For some people, what care you need starts with a discussion about what to expect. Consider using the calculator if this reflects you.
This online calculator uses a personalized approach to predict a person’s life expectancy and future care needs by taking into account their unique health characteristics. Our aim is to inform older people and their caregivers on the signs of increasing care needs. Using data from 491 277 home care users in Ontario, we designed this calculator for older people living in the community, the family members who care for them, and who are uncertain about what to expect.
While it is important to answer the questions as accurately as possible, it is also important to keep an open mind about the results. We hope you take this as an opportunity to create an open discussion with your family and care providers. Although anyone can use this calculator, we encourage you to review your results with a health care professional for further discussion.
Do you want to know how long you will live? Has anyone ever talked to you about your end of life? This calculator identifies when a person may be nearing the end of life and provides information that helps to determine their care needs.
Disclaimer: This calculator does not predict the future for any single individual.
5 - 10 minutes to complete
RESPECT is short for Risk Evaluation for Support: Predictions for Elder-life in the Community Tool. It was developed for frail older people who might need supports and care in their homes. Technically, it is an algorithm that calculates a frail person’s survival—that is, how long they will live. Using the responses to 17 questions about their health and ability to care for themselves, the tool provides an estimate of a person’s survival based on information gathered on people who have similar characteristics.
RESPECT was designed for frail older adults living in the community who are uncertain about their survival and the family members and caregivers who support them. RESPECT can also be used by formal care providers—such as physicians, home care staff or palliative care teams—to understand their patient’s decline.

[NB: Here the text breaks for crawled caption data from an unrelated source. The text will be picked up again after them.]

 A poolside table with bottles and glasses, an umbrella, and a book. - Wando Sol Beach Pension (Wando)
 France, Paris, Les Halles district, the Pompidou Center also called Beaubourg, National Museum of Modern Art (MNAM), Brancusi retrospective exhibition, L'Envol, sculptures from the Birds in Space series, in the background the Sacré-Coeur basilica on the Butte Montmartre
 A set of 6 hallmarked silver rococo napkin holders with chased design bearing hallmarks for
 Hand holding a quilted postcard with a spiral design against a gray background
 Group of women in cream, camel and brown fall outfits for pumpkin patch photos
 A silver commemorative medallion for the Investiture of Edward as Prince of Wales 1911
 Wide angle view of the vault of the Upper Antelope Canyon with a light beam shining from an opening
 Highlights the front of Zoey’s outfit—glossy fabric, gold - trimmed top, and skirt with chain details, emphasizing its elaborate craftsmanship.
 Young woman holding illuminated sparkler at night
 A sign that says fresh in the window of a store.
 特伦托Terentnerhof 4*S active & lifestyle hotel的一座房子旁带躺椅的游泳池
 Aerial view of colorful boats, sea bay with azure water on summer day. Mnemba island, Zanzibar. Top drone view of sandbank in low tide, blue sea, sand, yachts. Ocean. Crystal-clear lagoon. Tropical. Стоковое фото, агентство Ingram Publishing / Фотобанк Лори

As a person’s health declines, they may need more supports and care in their home. RESPECT calculates a person’s survival and provides information that can help them understand what type of care and services they may need. A patient can use this information to discuss their care needs with their caregivers and healthcare providers. Similarly, formal care providers can use this tool to discuss, with their patient, what can be expected as the patient approaches the end of life and plan for the supports that their patient may need.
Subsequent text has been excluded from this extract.